▼
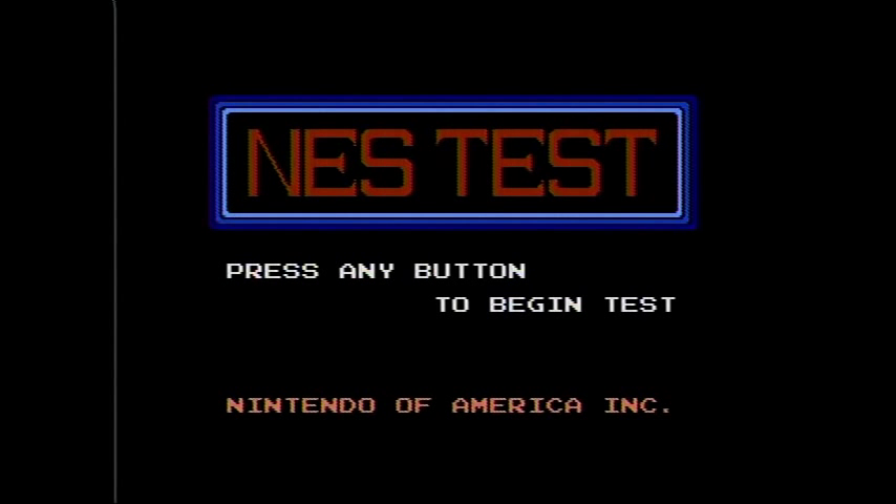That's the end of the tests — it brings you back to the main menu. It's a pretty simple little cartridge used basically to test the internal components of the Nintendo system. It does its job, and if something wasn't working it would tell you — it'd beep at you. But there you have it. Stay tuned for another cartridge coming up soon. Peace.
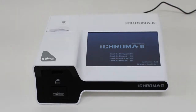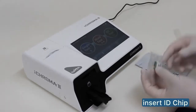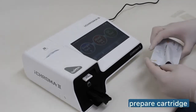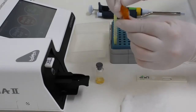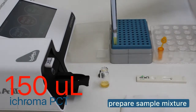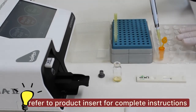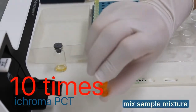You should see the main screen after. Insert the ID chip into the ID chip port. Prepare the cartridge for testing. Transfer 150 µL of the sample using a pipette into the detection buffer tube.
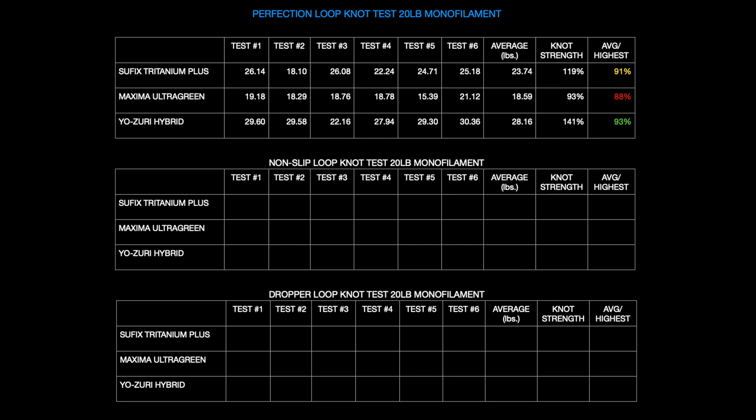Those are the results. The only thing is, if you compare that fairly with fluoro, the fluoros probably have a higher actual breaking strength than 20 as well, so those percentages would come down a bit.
▲
▼
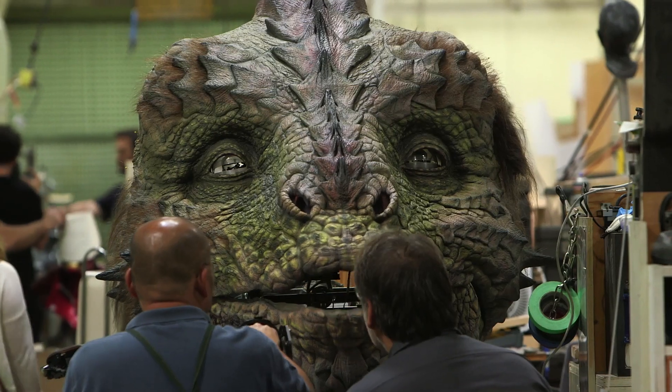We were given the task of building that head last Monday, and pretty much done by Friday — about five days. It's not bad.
▲
PROBLEM ▸
Your answer must be the lines above from the one holding "You should see" up to and including the one holding "Those are the", exact and with no pictures.

WRITTEN SOLUTION ▸
You should see the main screen after. Insert the ID chip into the ID chip port. Prepare the cartridge for testing. Transfer 150 µL of the sample using a pipette into the detection buffer tube.
Those are the results. The only thing is, if you compare that fairly with fluoro, the fluoros probably have a higher actual breaking strength than 20 as well, so those percentages would come down a bit.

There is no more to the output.